▶ [What you are asked to do] After finding the line with "Image of Woman" in the data below, set down exactly each line through the one with "Close-up detail of", inclusive, and stop there.

▶ [The data]
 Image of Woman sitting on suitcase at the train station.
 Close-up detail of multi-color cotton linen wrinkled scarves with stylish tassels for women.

---

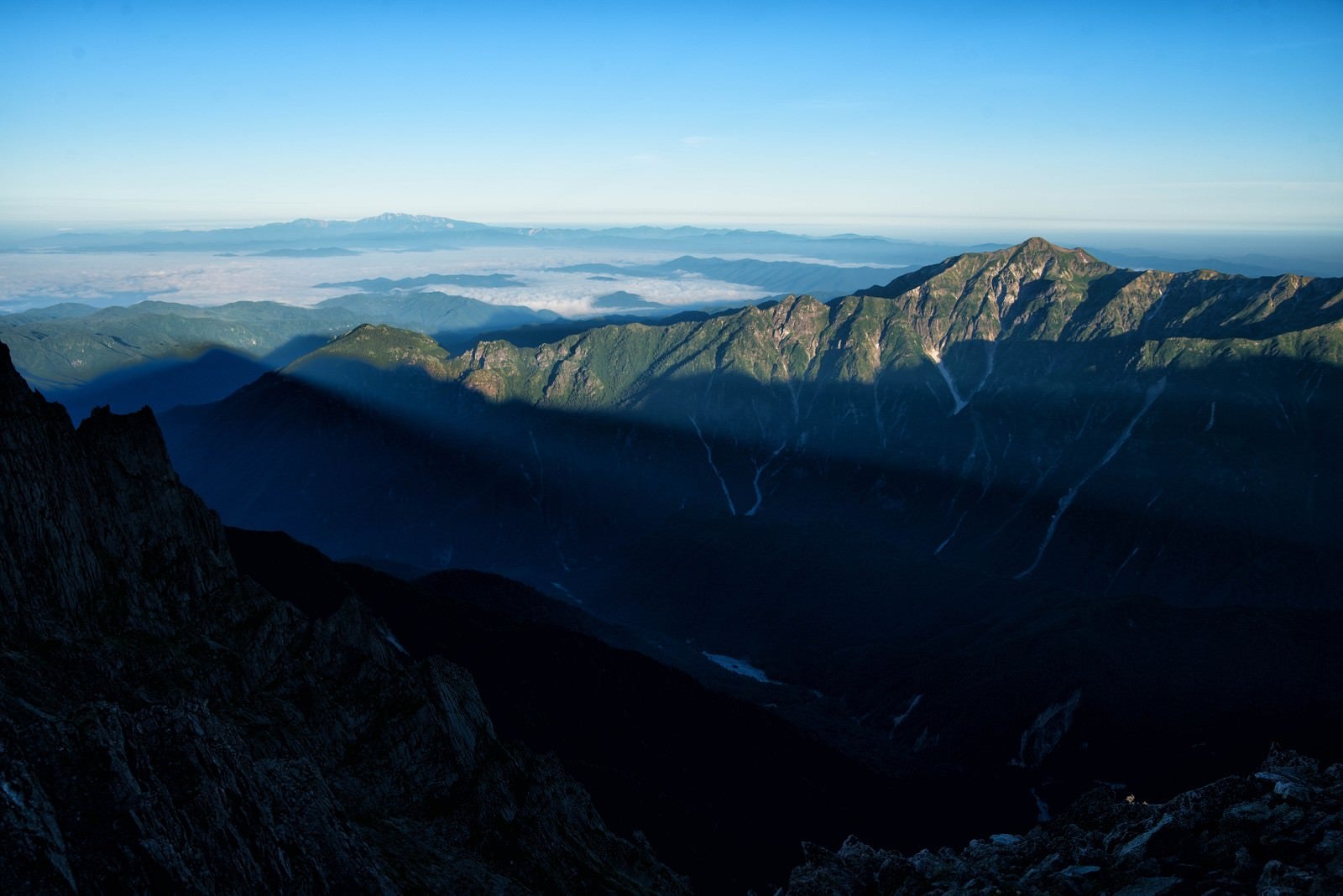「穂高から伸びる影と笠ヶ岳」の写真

▶ [Answer for the task]
 Image of Woman sitting on suitcase at the train station.
 Close-up detail of multi-color cotton linen wrinkled scarves with stylish tassels for women.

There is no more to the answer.